Comme la plupart de ses pairs, Serigne Mansour gardait au secret sa situation matrimoniale. Mais, ses troisièmes noces avec une magistrate sénégalaise et les quatrièmes avec l’avant-dernière ambassadrice de Côte d’Ivoire au Sénégal, Fatimata Touré, ont attiré flashs et projecteurs sur la vie sentimentale du khalife général. Son beau-père, un chef religieux ivoirien avait des relations avec la famille Sy de Tivaouane depuis 1946, alors qu’il partait à La Mecque.
A la maison, révélait Fatimata Touré Sy, ’’je suis l’épouse. Ça n’a rien à faire avec le travail, je fais tout ce qu’une épouse doit faire pour son mari’’, répondait-elle, en mars 2007, au magazine sénégalais Week-end. ’’Quand les gens pensent qu’un ambassadeur peut donner des secrets, je pense que les chefs religieux ont plus de secrets à donner que nous-mêmes parce que c’est au chef religieux que les gens demandent des promotions’’.

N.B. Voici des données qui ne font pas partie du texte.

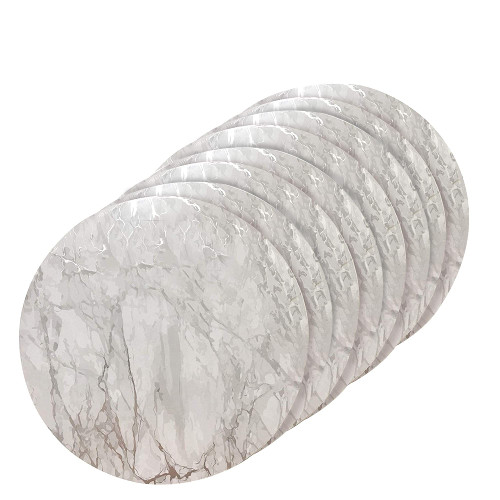 Placemats Dining Table Place Mats, Kitchen Mat Placemats Table Decor Placemats for Kitchen Table Washable Heat Resistant Dining Table Non Slip Set of 8 Marble Round 15 X 15 in Silver Placemats Dining Table Place Mats, Kitchen Mat Placemats Table Decor Placemats for Kitchen Table Washable Heat Resistant Dining Table Non Slip Set of 8 Marble Round 15 X 15 in Silver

’’Je ne suis pas la personne prête à donner quoi que ce soit à qui que ce soit pour essayer de vendre mon pays. Non ! Non !…’’, rassurait-elle sur la frontière entre vie publique et vie privée, ajoutant : ’’Je suis avec lui depuis un an, mais vous ne m’avez pas vu m’afficher dans la presse avec lui, ou l’accompagner en train de faire le tour de la ville’’.
’’Le chef religieux sait très bien ce que c’est qu’un ambassadeur. Il y a des choses qu’on ne peut pas faire avec un ambassadeur ou dans une ambassade. Ce qui explique que vous ne le verrez pas venir traîner dans une ambassade s’il n’a rien à faire là, franchement. Tout est question de hauteur de vue et le chef religieux a un grand niveau intellectuel quand même’’, soutenait-elle.
Sur le respect des convenances protocolaires, Mansour Sy Jamil, un neveu du khalife général dont il est assez proche, faisait également une fine fleur à son oncle paternel, dans un entretien paru en février 2001 dans le quotidien Le Soleil. Aussi, les deux hommes ont le même homonyme : El-Hadji Mançour Sy Malick (1900-1957).
L’ancien fonctionnaire de la Banque islamique de développement (BID) déclarait : ’’Permettez-moi avant toute chose d’apporter une précision sur la notion de Khalife. Je considère qu’aujourd’hui, dans la famille d’El Hadj Malick Sy (que Dieu soit satisfait de lui) il n’y a qu’un seul khalife qui est Serigne Mansour Sy « Boroom Daaradji ». Il l’est d’ailleurs pour l’ensemble des Tidjanes du Sénégal. Par conséquent utiliser le terme de Khalife pour un autre peut prêter à confusion’’.